Мойры - [45]

Шрифт
Интервал

До сих пор помню все роли наизусть. Колесили мы с этими сказками по всей Польше, играли в школах, в деревенских клубах. Иногда в больницах. Сначала все шло хорошо, а потом все хуже и хуже. Денег совсем не было, играли-то мы один спектакль в неделю, не хватало даже на то, чтобы комнату снять. Не во что было одеться, шампуня и того не могла купить. Под конец костюм динозавра можно было не снимать, я в нем лучше выглядела, чем без него. Ну а если девушке не на что заняться собой, тут хоть в петлю лезь — кто заинтересуется такой образиной, кто возьмет на работу? Вот ты хотел бы секретаршу, которая два месяца не была в парикмахерской и ходит с протертыми локтями? Как говорится, чем дальше, тем больше, а бедняку всегда ветер в лицо, хуй в жопу и битое стекло.

Но я не сдаюсь, ну уж нет. Такая уродилась. Ныть не стану. Если уж совсем не буду знать, что дальше делать с этой жизнью, прыгну под поезд или еще что, но не заплачу. Во всем этом и так смысла нет, если хорошенько подумать. Соседка моя медсестрой работает в больнице, там, где дети от рака умирают. Один за другим умирают, понимаешь? Ни жизни не пробовали, ни любви, малюсенькие совсем, вот такие. Как она начнет рассказывать, все, кранты, я никакая, ничто меня так не трогает. Но не плачу, только слушаю. И думаю про себя, стоит ли оно того, ведь все равно черви съедят. Надрываться каждый день… Зачем все это?
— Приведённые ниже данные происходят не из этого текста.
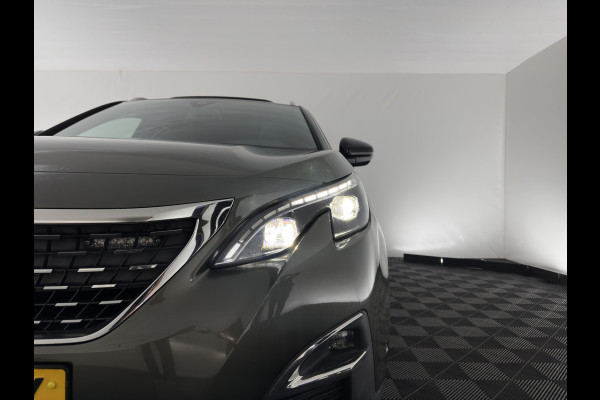 Peugeot 5008 1.6 e-THP GT-Line [ 7-Pers. ] Aut. *PANO | LEATHER-FABRIC | FULL-LED | DIGI-COCKPIT | LANE-ASSIST | BLINDS-SPOT | SPORT-SEATS | CAMERA | NAVI-FULLMAP | SHIFT-PADDLES | PRIVACY-GLASS | TOWBAR | 18''ALU*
Напоролась я как-то на одного такого, урода, потом стояла под душем и смотрела, как из меня капает кровь, кап, кап, красные капли на черно-белую плитку, будто на шахматную доску. Вода стекала по телу и размывала капли, превращая их в розовую пену. Понимаешь, дорогой мой, что в таких случаях чувствует женщина? Это была не обычная кровь, не месячные. То была светло-красная капель, капельки свежей боли. В тот единственный раз, только в тот раз я почувствовала, до чего может докатиться шлюха. Да, я даю свое тело за деньги, ну и что? Тело женщины всегда свято. Женщина дает жизнь. Женщина вынашивает жизнь. Понимаешь? Я тоже когда-нибудь рожу. Моя промежность священна. Отдаю ее что ни день за бесценок разным придуркам, закомплексованным обормотам, которые не в состоянии найти любовь, замухрышкам, на которых ни одна классная телка даже не взглянет, и таким одиноким, как ты. Благодаря мне что-то в них просыпается. Они рождаются заново в этой Владековой кровати. Придурки превращаются в мачо, замухрышки — в компанейских парней, дельцы добреют, унылые гогочут, а закомплексованные хвастаются своими яйцами. Я даю им гордость, я даю им любовь, я даю им жизнь! Что? Скажешь, это не настоящая любовь? А какая настоящая? Все обман, вся жизнь — одна большая фигня, долбаная фата-моргана. Единственное, что с нее можно взять, — хоть иногда побыть счастливым, и они получают это от меня. Никто так не понимает мужчину, как шлюха. И я требую, чтобы меня за это уважали, требую! Понимаешь? Никто не смеет меня калечить!..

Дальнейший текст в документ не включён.